Stored dataset items:
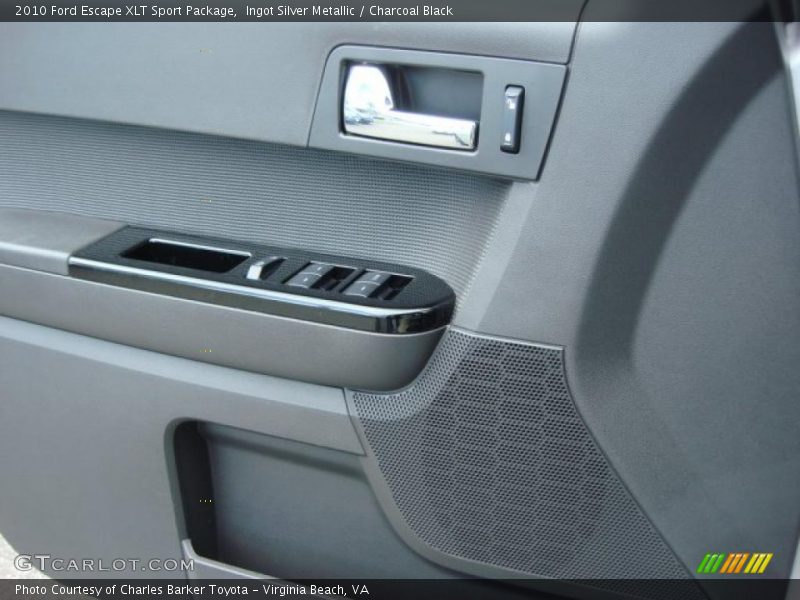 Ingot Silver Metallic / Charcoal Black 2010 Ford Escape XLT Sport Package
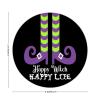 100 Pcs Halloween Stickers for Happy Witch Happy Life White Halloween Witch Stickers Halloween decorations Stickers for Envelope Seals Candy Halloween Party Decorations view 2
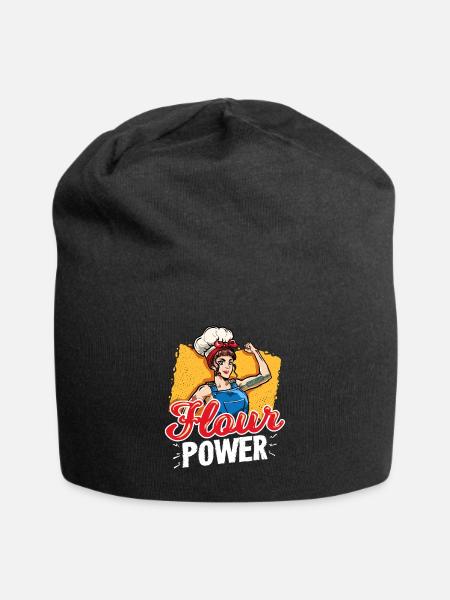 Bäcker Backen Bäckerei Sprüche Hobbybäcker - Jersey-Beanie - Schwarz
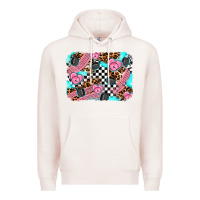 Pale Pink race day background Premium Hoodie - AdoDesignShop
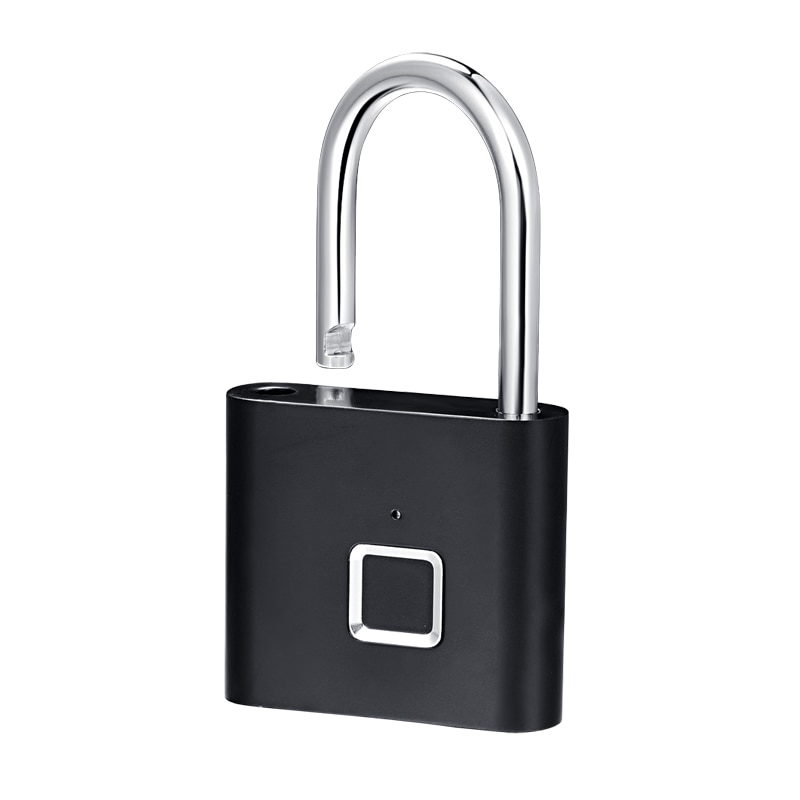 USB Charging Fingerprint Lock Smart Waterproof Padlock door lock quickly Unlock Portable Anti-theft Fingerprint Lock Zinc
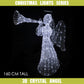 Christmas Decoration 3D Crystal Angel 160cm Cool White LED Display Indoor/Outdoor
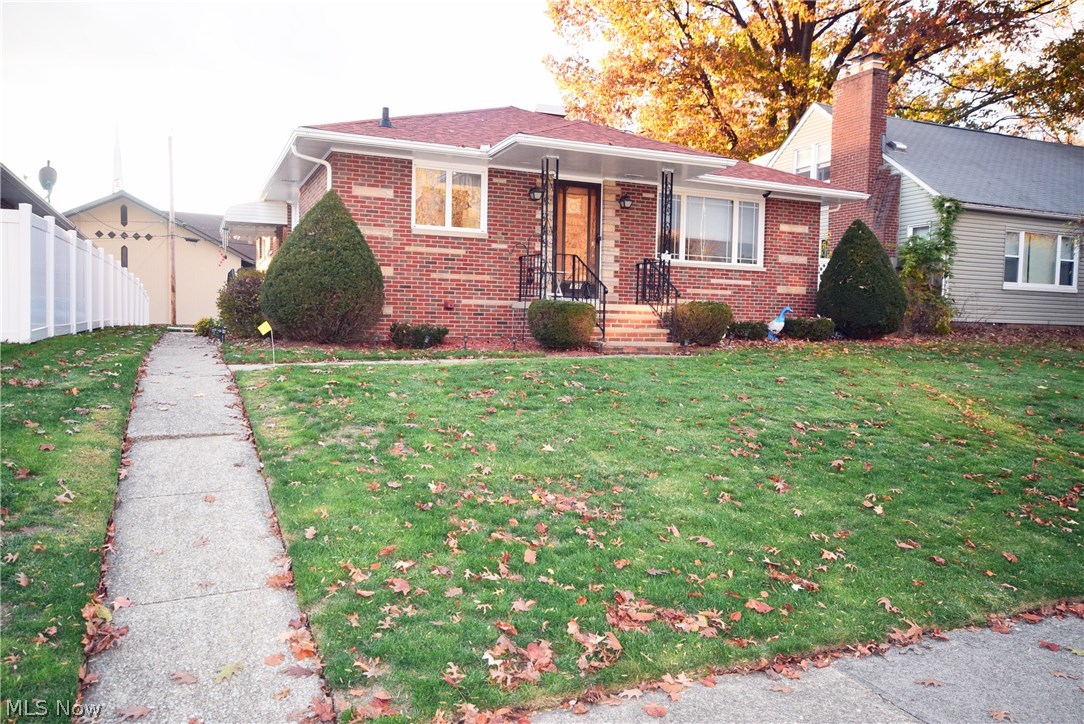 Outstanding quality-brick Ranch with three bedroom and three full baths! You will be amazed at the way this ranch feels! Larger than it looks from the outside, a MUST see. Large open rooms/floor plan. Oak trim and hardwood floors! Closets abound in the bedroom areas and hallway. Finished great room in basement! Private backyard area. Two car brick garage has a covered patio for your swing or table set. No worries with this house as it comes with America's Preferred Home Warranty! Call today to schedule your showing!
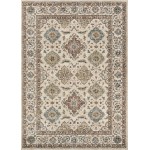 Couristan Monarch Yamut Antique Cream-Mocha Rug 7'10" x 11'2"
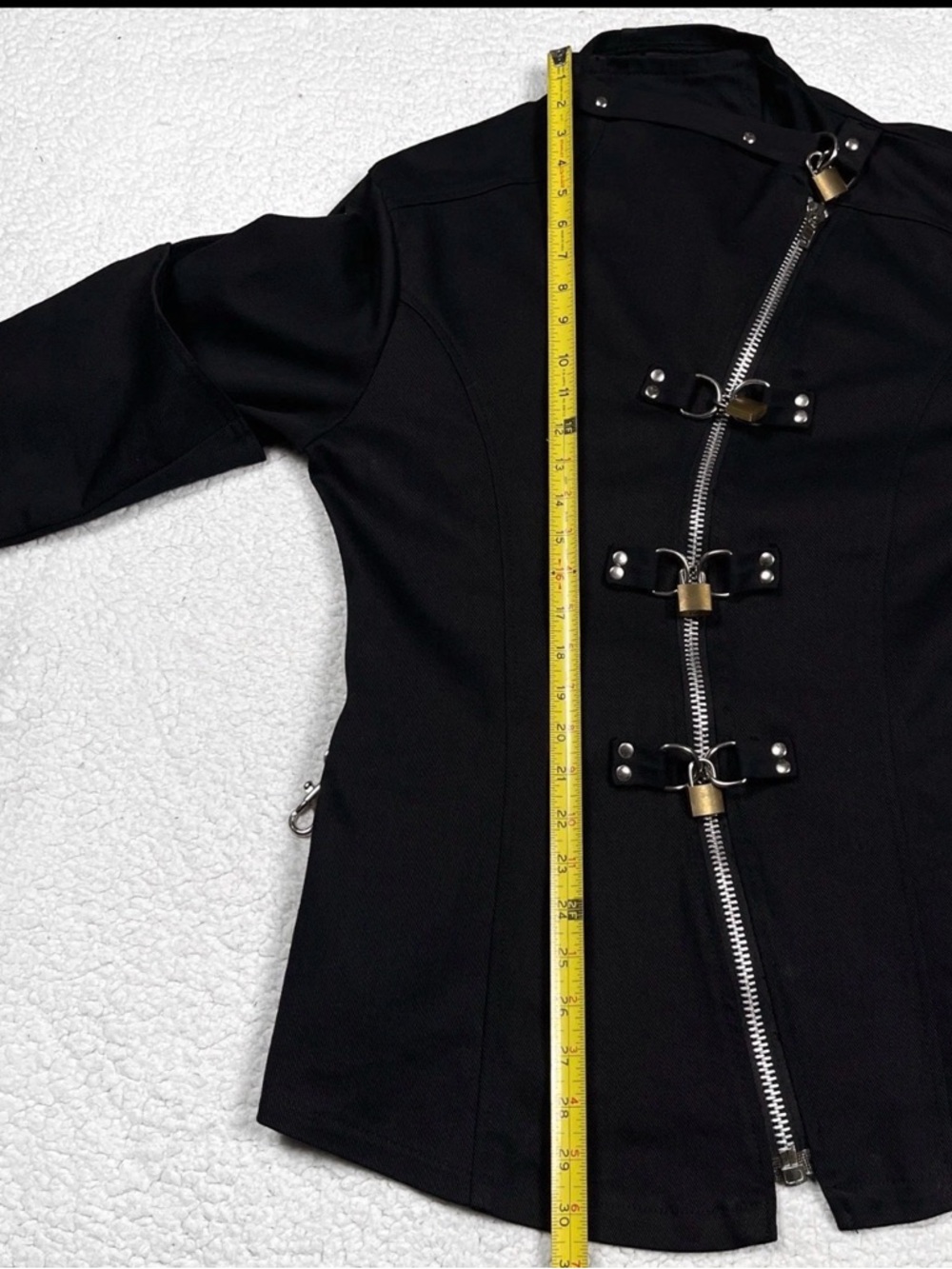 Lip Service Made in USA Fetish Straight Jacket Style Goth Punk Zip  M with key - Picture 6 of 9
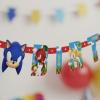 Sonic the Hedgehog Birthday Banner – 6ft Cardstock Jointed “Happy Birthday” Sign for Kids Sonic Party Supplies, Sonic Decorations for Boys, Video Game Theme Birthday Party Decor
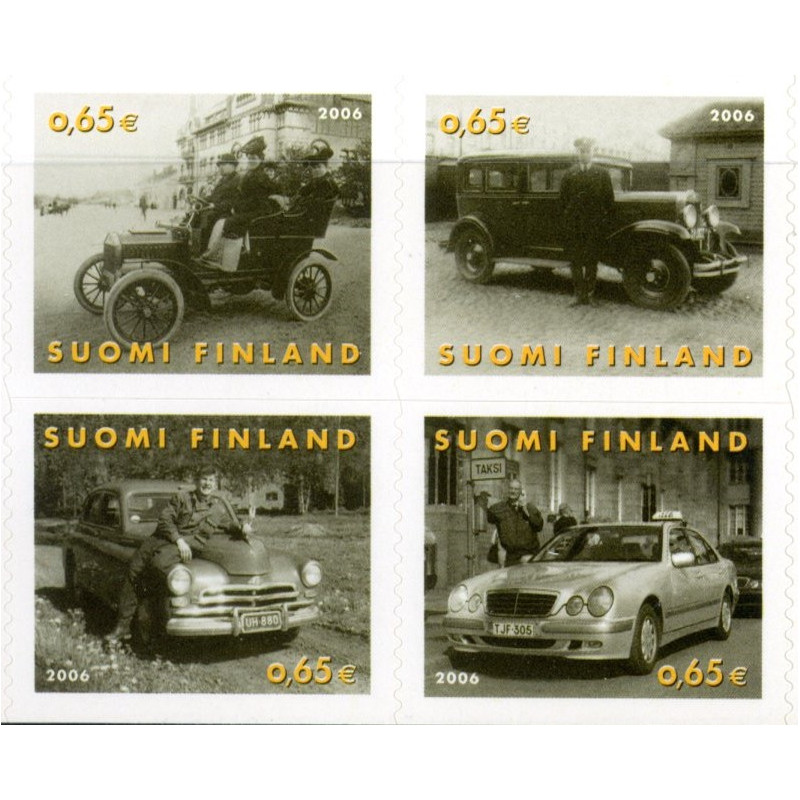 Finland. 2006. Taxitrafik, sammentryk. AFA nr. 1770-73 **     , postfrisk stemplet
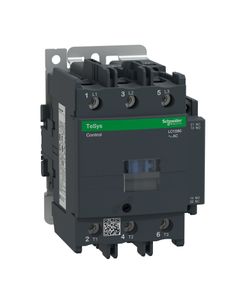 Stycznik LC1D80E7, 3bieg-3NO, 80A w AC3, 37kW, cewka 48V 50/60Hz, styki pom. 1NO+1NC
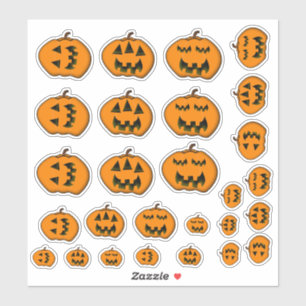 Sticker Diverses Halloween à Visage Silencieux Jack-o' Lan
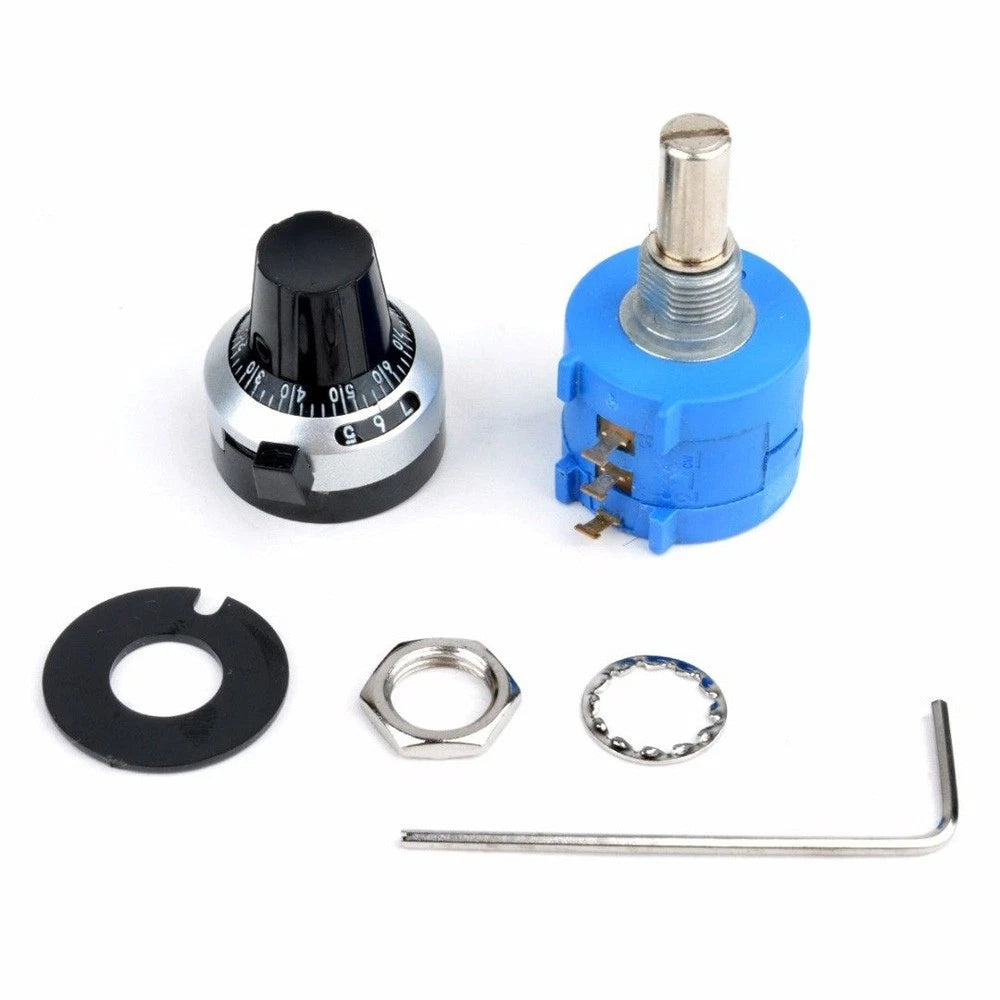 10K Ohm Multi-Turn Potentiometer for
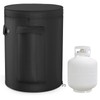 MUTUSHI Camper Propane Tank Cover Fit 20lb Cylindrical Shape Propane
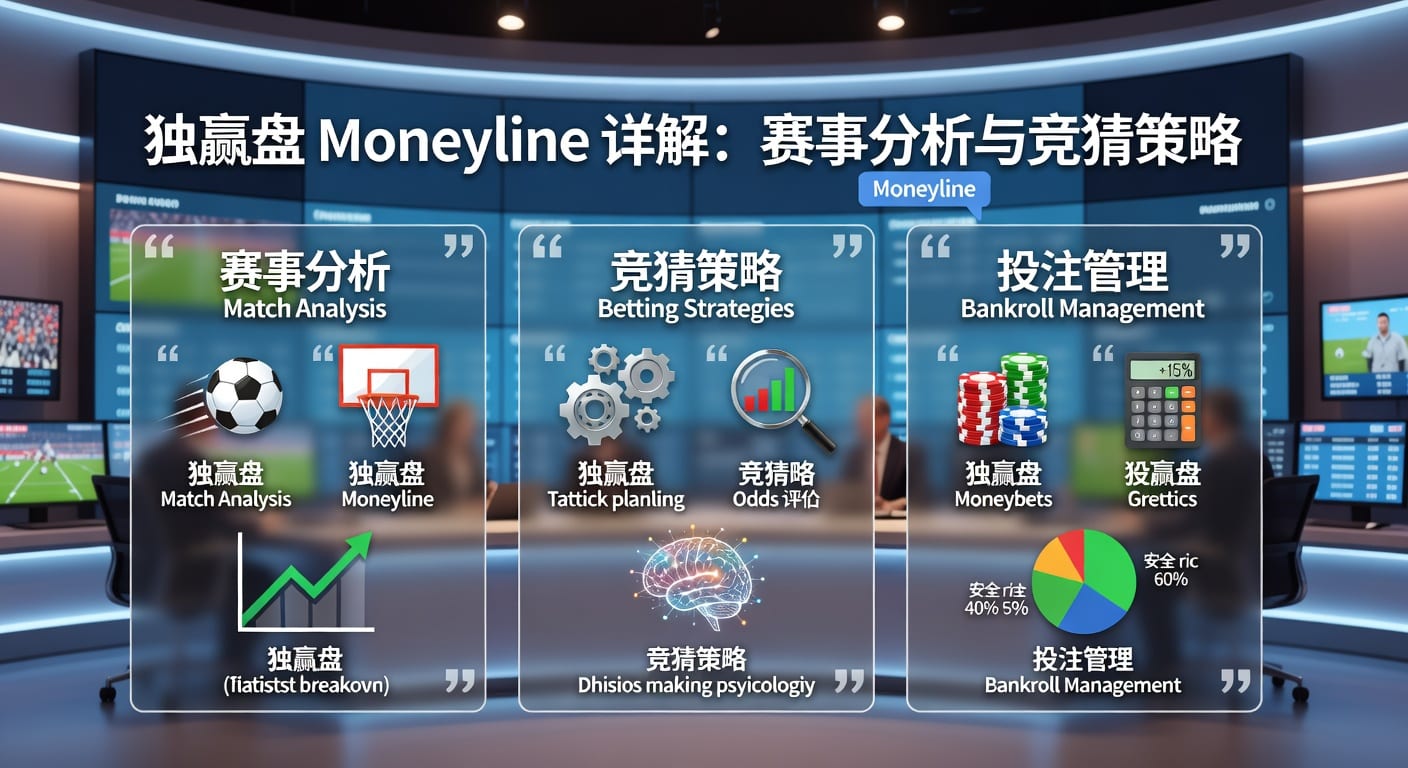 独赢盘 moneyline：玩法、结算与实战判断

# PROBLEM TO SOLVE:
Word for word, restate the lines above from the one with "Pale Pink race" through the one with "Christmas Decoration 3D", keeping both ends and dropping the pictures.

# SOLUTION TO THIS PROBLEM:
 Pale Pink race day background Premium Hoodie - AdoDesignShop
 USB Charging Fingerprint Lock Smart Waterproof Padlock door lock quickly Unlock Portable Anti-theft Fingerprint Lock Zinc
 Christmas Decoration 3D Crystal Angel 160cm Cool White LED Display Indoor/Outdoor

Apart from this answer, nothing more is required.